**Task item:** Look below and pull out each line with the word "Best".

..........

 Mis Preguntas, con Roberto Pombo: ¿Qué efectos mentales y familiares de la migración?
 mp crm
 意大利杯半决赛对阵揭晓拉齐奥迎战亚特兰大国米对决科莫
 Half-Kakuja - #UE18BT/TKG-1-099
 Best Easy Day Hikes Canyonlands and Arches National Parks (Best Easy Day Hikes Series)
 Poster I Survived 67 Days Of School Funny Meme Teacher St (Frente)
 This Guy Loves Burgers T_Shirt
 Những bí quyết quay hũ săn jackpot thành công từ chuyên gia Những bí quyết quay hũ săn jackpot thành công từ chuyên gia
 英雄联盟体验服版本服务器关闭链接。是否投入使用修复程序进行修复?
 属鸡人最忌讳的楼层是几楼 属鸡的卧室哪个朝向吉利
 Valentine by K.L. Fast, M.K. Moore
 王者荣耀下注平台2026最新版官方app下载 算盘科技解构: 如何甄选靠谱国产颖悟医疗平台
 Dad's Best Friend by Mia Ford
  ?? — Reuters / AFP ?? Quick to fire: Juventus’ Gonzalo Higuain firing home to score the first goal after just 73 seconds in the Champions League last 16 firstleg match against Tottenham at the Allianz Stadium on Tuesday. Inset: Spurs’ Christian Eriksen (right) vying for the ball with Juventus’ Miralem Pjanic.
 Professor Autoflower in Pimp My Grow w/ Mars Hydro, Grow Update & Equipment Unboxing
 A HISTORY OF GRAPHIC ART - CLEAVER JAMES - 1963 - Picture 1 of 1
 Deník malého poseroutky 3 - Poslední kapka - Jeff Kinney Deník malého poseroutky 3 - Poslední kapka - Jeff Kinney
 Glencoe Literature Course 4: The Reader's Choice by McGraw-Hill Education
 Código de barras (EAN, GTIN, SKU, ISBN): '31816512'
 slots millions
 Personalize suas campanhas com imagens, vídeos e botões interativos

..........

**Finished exercise:**
 Best Easy Day Hikes Canyonlands and Arches National Parks (Best Easy Day Hikes Series)
 Dad's Best Friend by Mia Ford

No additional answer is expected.